• _PROBLEM TO SOLVE_
Write again exactly the lines in the listing below, starting at the line with "Vignette Girl’s Size" and ending at the line with "Imagem de 8", both included. Pictures are not copied.

• _ENTRIES SUPPLIED_

※

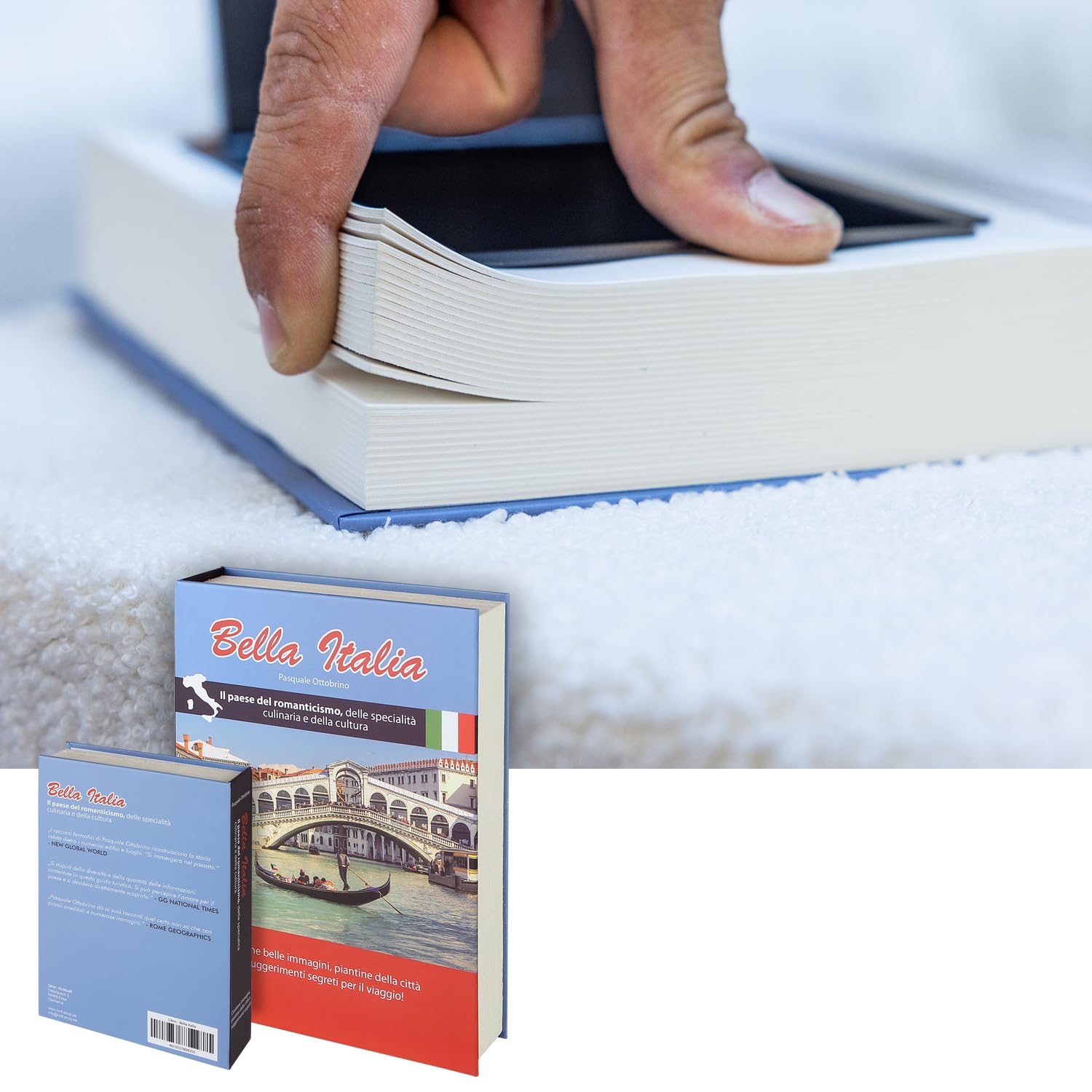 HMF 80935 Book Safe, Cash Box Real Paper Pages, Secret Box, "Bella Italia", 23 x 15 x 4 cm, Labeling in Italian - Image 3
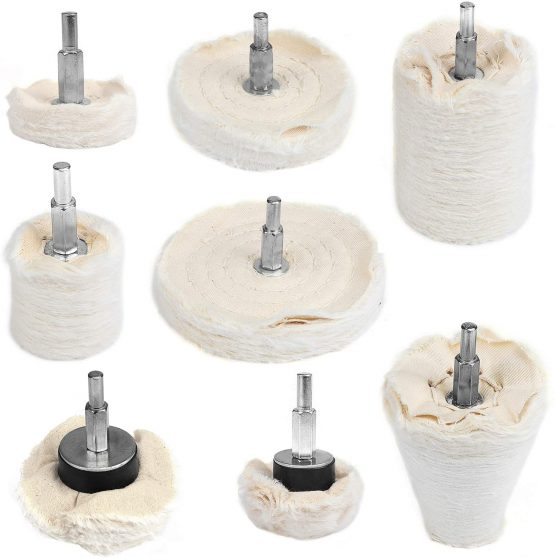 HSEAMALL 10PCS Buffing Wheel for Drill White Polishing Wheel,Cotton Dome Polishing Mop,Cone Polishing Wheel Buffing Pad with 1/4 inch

※

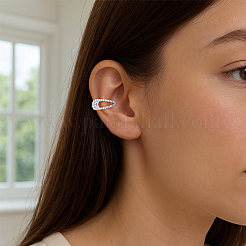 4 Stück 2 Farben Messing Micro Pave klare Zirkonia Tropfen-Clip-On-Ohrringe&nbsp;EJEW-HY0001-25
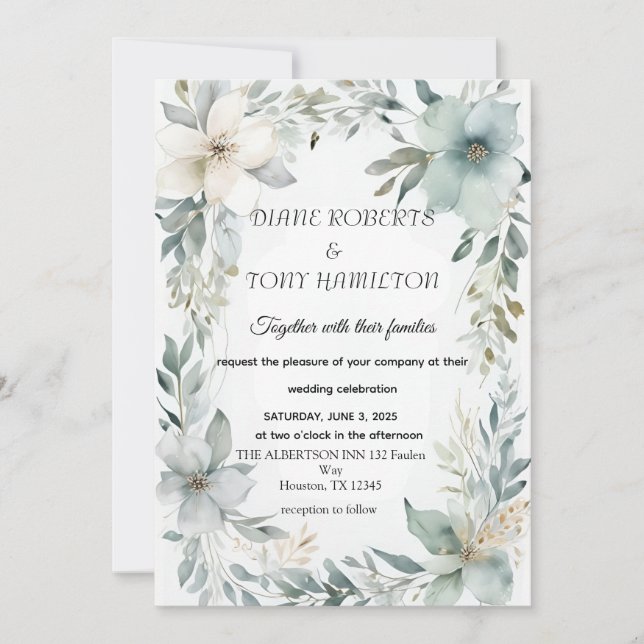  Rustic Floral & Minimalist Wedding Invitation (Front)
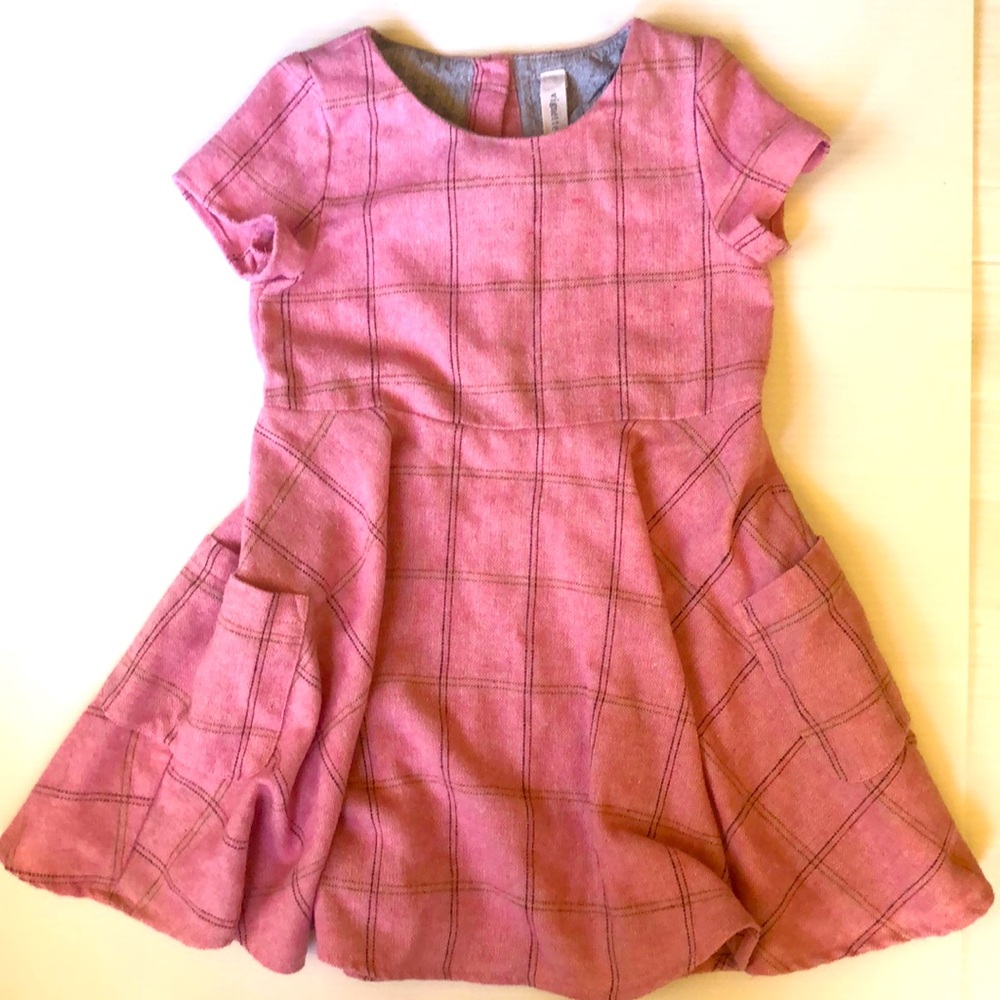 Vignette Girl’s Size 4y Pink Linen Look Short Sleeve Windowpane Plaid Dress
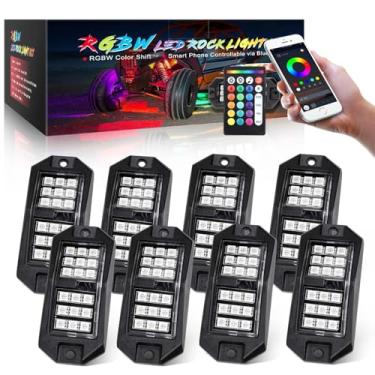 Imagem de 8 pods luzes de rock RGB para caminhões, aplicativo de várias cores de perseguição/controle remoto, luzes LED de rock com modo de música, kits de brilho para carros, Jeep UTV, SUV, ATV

※

• _RESPONSE TO THE TASK_
 Vignette Girl’s Size 4y Pink Linen Look Short Sleeve Windowpane Plaid Dress
 Imagem de 8 pods luzes de rock RGB para caminhões, aplicativo de várias cores de perseguição/controle remoto, luzes LED de rock com modo de música, kits de brilho para carros, Jeep UTV, SUV, ATV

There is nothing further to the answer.